QUEM: Você usa drogas?
TSC: Das que me despertaram interesse, experimentei todas as possíveis e imagináveis, menos o crack. Mas sempre com consciência e conhecimento sobre os efeitos que causam. Droga para mim é coisa recreativa. De repente, estou num evento, quero fumar um baseado, fumo. Não tenho problema em dizer isso. De todas, o álcool é a mais perigosa e a mais aceita socialmente. Também bebo, mas meus filhos nunca me viram beber nada de álcool. Nunca me viram usando droga também. Não precisa, né?
QUEM: Se seus filhos quiserem usar drogas, como vai reagir?
TSC: Se forem usar, que seja com consciência do que estão fazendo, até para ter controle sobre a droga. Meu filho mais velho, que já tem idade para questionar o assunto, é megacareta. Acho que ele não vai ter curiosidade com isso. Há pouco tempo, ele perguntou para minha mulher se ela já tinha usado, ela disse sim e ele arregalou os olhos.
QUEM: Como é o Tico pai: liberal ou careta?
TSC: Rígido em relação à educação. Educação é uma coisa que a gente dá em casa. Escola é para passar conhecimento. Algumas pessoas confundem, acham que é papel da escola educar os filhos, mas não é. Quem educa são os pais. E, como pai, não quero que meus filhos sejam iguais à grande parte dessa geração que acha que o mundo é dentro de um condomínio e com a cara enfiada 24 horas no computador, não enxerga o mundo ao redor e não respeita o outro. A Luciana não trabalha, está sempre presente na vida deles.

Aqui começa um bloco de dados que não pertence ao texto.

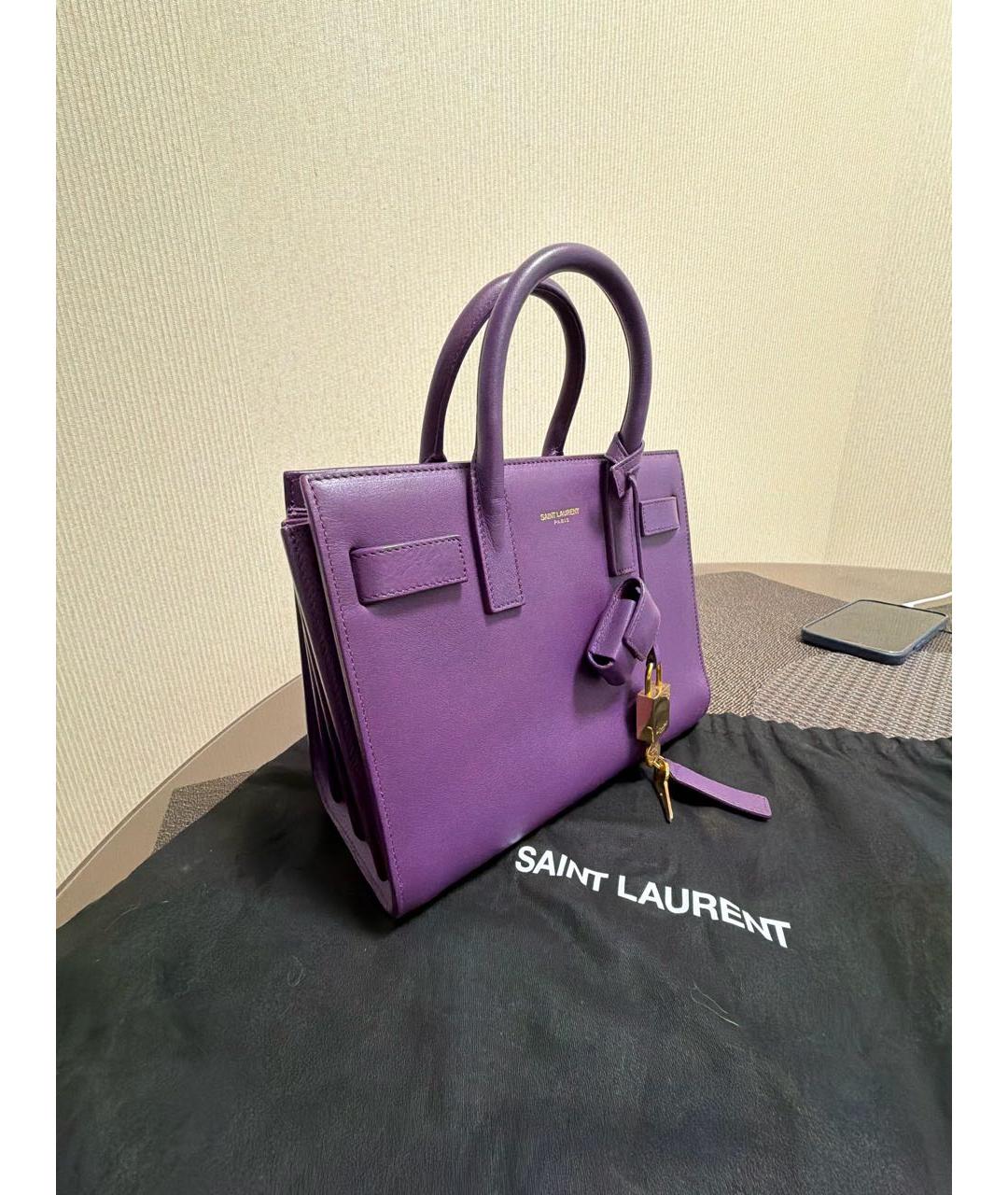 SAINT LAURENT Фиолетовая кожаная сумка через плечо, фото 2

QUEM: Você teve uma educação parecida na infância?
TSC: Não. Meu primeiro vínculo familiar estreito é este que você está vendo aqui: eu, minha mulher e meus dois filhos. E eu os prezo bastante. Meus pais se separaram muito cedo, quando eu tinha 12 anos. Ele foi morar fora do país e minha mãe, no Sul. Vivi um tempo com minha avó e depois fui praticamente adotado pela família de um amigo, que virou um irmão. Foi um tempo complicado. Mas nessa época comecei a ter essa visão de que o mundo não era só o mundinho do condomínio.
QUEM: Você é romântico ou ciumento?
TSC: Sou romântico, mas não daqueles melados. Não falo “mozão”. Detesto isso. Sou romântico do meu jeito: 90% das minhas músicas são para a minha mulher. Das conhecidas, a “Você Me Faz Tão Bem” é a mais bonita. Ciumento não sou.
QUEM: Você diz que tem “um relacionamento completamente fora dos padrões convencionais”. O que quer dizer?
TSC: Significa que a gente vive tudo o que os outros casais vivem, mas dentro de um código nosso e que não diz respeito a mais ninguém. A questão da fidelidade está embutida na lealdade que temos um ao outro. Não é nada gerado pelas expectativas das pessoas. Ninguém controla ninguém, mas há respeito. Estamos juntos e felizes há 13 anos. Alguém já me viu por aí com outra pessoa? Não. Minha família é meu pilar principal e faço questão de preservá-la.